START Information provided

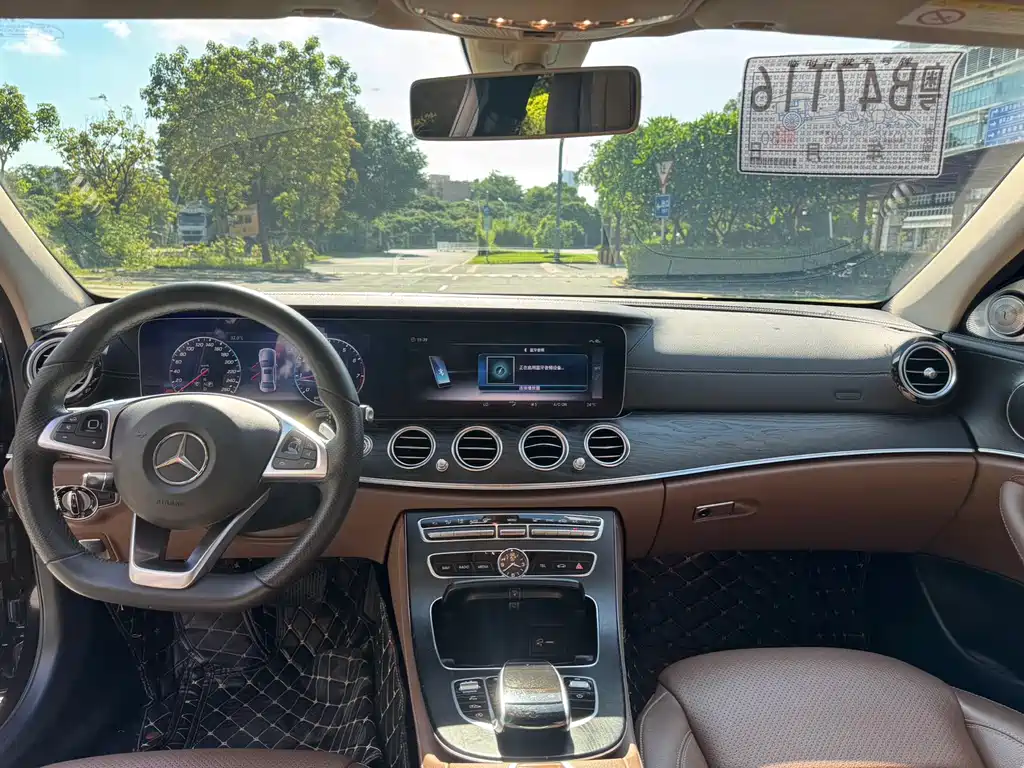 Mercedes-Benz E-Class 2018 — фото 15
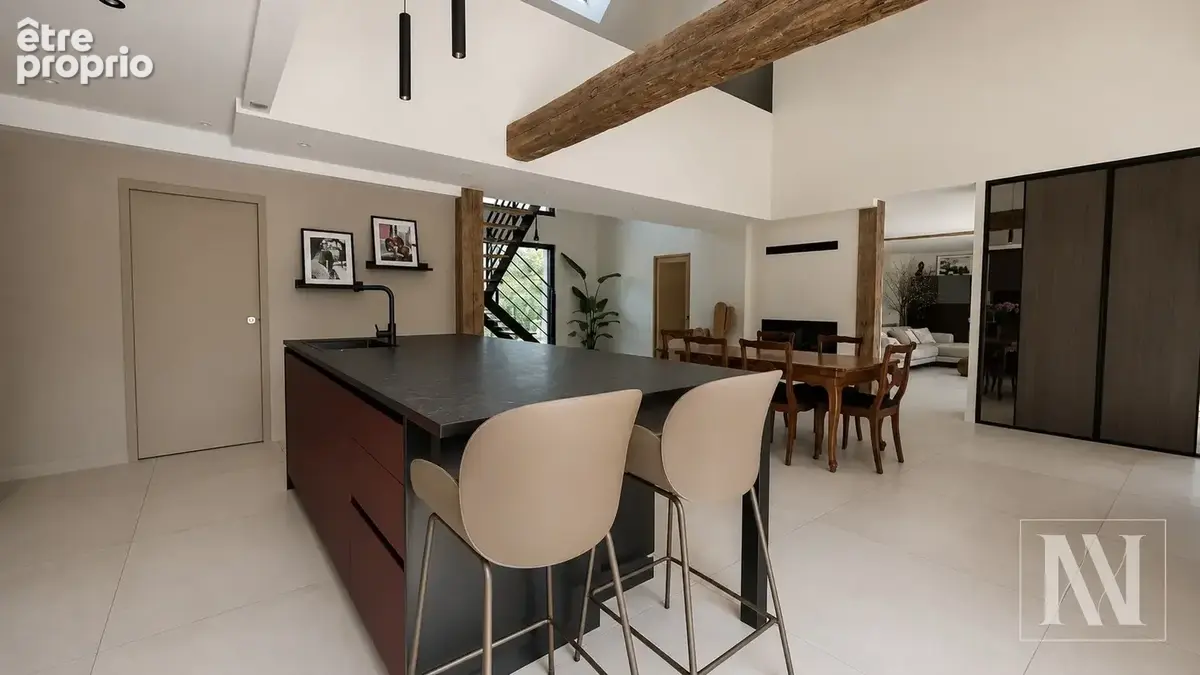 Superbe grange rénovée de 230m2 à Sainte-Savine - photo 8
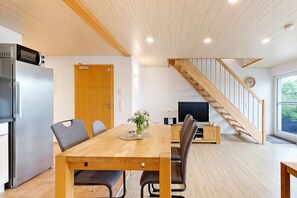 Dining - Apartment An der Kapf, 80 sqm, Garden and Balcony, Max. 4 Guests, 4 Stars - DTV Certified (Münsingen)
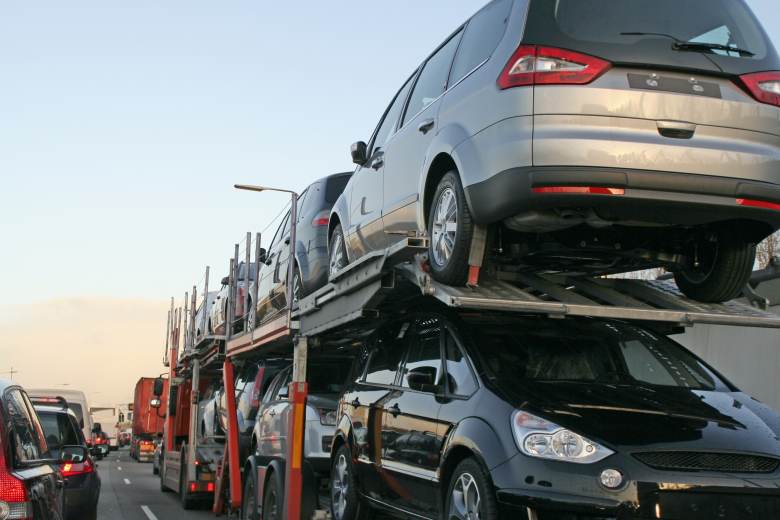 Exportéři: Vývoz bude letos rekordních 6,25 bilionu Kč, kurz zatím vzal 70 mld. Exportéři: Vývoz bude letos rekordních 6,25 bilionu Kč, kurz zatím vzal 70 mld.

END Information provided

■ What is being asked
What is needed is a word-for-word copy of the data above, free of any images.

■ Result
 Mercedes-Benz E-Class 2018 — фото 15
 Superbe grange rénovée de 230m2 à Sainte-Savine - photo 8
 Dining - Apartment An der Kapf, 80 sqm, Garden and Balcony, Max. 4 Guests, 4 Stars - DTV Certified (Münsingen)
 Exportéři: Vývoz bude letos rekordních 6,25 bilionu Kč, kurz zatím vzal 70 mld. Exportéři: Vývoz bude letos rekordních 6,25 bilionu Kč, kurz zatím vzal 70 mld.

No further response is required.